When I was buying my boat three decades ago, the owner gave me advice that I remember to this day. The advice was given in the context of boat ownership, but it applies to life in a much broader way. What he told me was simple enough: Think twice before you change anything. Make sure you understand why something was done the way it was done before you remove it or replace it.


Six years later, I fell in with a team planning a Pacific Cup campaign. They had a serious, offshore-capable 43-foot boat, that they were getting ready to go. It needed its 3-speed winches overhauled, and someone didn’t like the way the running backstays were rigged. The lines for the runners came to blocks at the transom, entering custom aluminum conduit that ran under the deck, exiting in perfect alignment with the winches. Ambitious volunteers disassembled the winches and removed the conduit in a day. I came in after the fact, with lots of questions and a little disbelief. The boat was never reassembled and never raced to Hawaii.
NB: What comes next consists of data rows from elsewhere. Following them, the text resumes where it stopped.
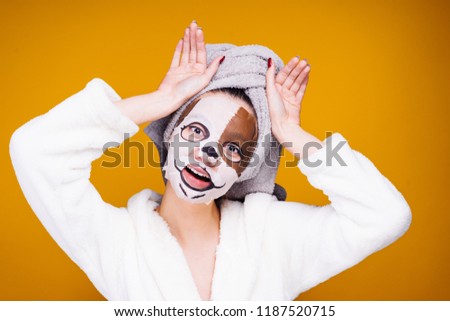 cute girl in white bathrobe posing, on face mask with muzzle of dog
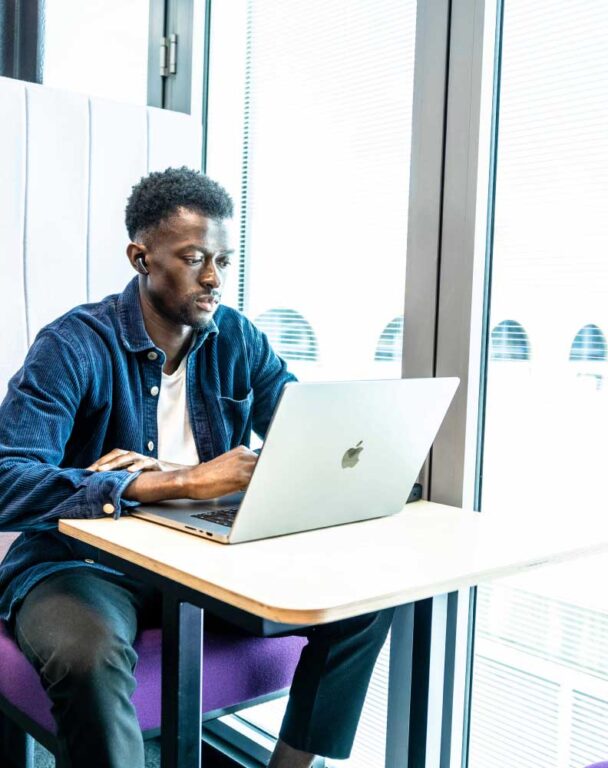 Man working by a window on a laptop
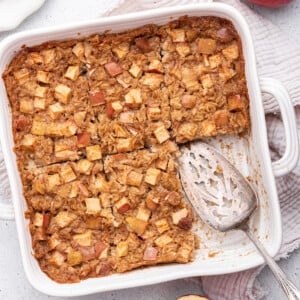 Apple cinnamon baked oatmeal in a square baking dish with a serving spatula and a piece missing.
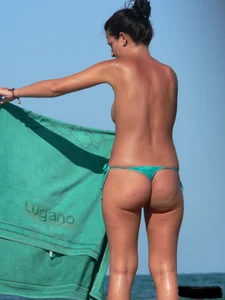 Bunch of sexy babes on the beach topless and in thong bikinis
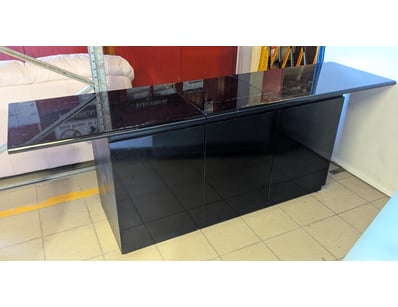 Black cabinet with three-section configuration. Fe...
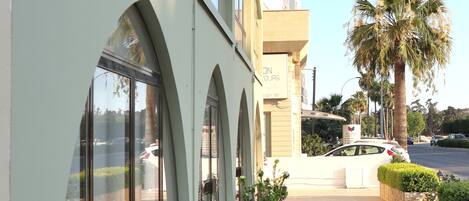 A building with large arched windows and a flat roof. There are potted plants on the sidewalk in front.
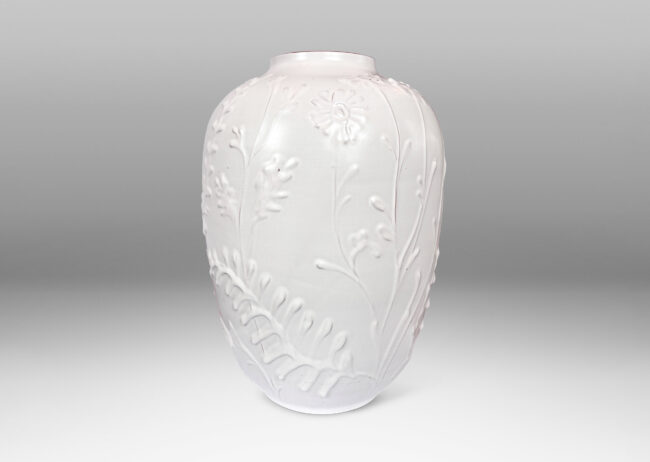 Gallery BACtapered form with slip-sculpted wildflowers in relief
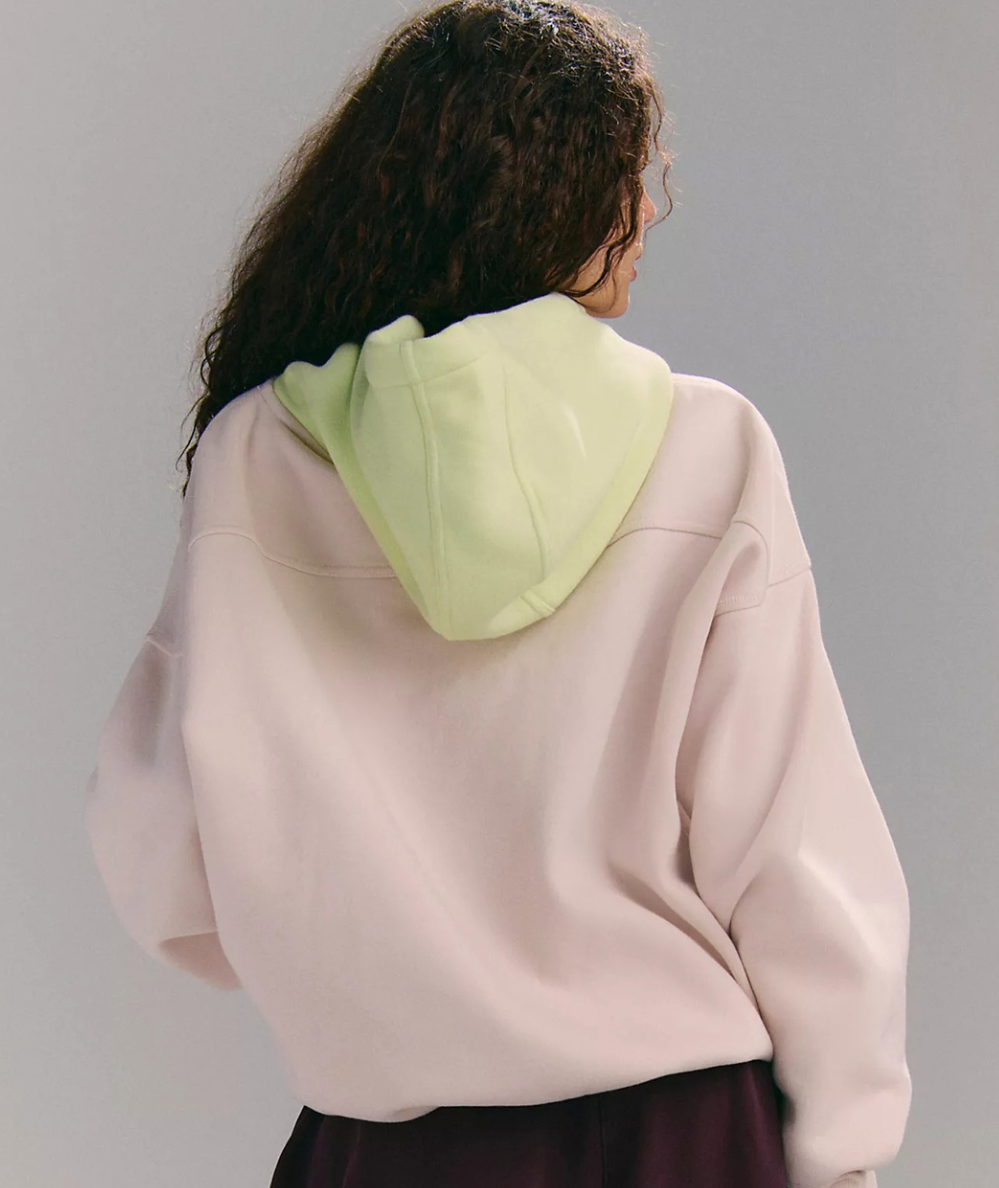 Back view of the FP Movement Final Call Colorblock Hoodie in Cream Combo, showing the pale lime hood and dropped shoulders.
Also in the category of “seemed like a good idea at the time” were two boat projects being pursued in New Zealand by people I met there. One was an ultralight 50-foot catamaran. The other was a 40-foot racing monohull. Both projects suffered from the same ill-conceived idea: that the way to get a fast cruising boat was to start with a lightweight, high-performance design, and then add all the nice cruising gear you want, like refrigeration, watermakers, etc. The trouble is that there is a reason why traditional cruising boats have their full-bodied, heavy-displacement designs, and that reason is payload. When you load up lightweight boats with all the gear and provisions you want, they no longer sail the way you expected.



In the case of the catamaran, the boat made it safely from New Zealand to Tonga but was put up for sale when it got to Australia. The monohull project was never completed, with the boat being sold at a great loss. My point is not to be the holier-than-thou narrator, or to oppose change, but to point out that breaks from tradition can lead to horrible outcomes. We are wise to follow the advice I received when I bought my boat: when it comes to changing things that have stood for a long time, it is good to understand why they were done that way in the first place—there was likely a reason for it.


In the world writ large, there is always a tension between progress and tradition. The pendulum swings to its peak, testing ideas before they are moderated or abandoned, causing the pendulum to swing back, albeit with some possible advance. This is the story of society throughout time. Like the three failed boat projects, ideas will be tried until it is clear why things were the way they were to begin with.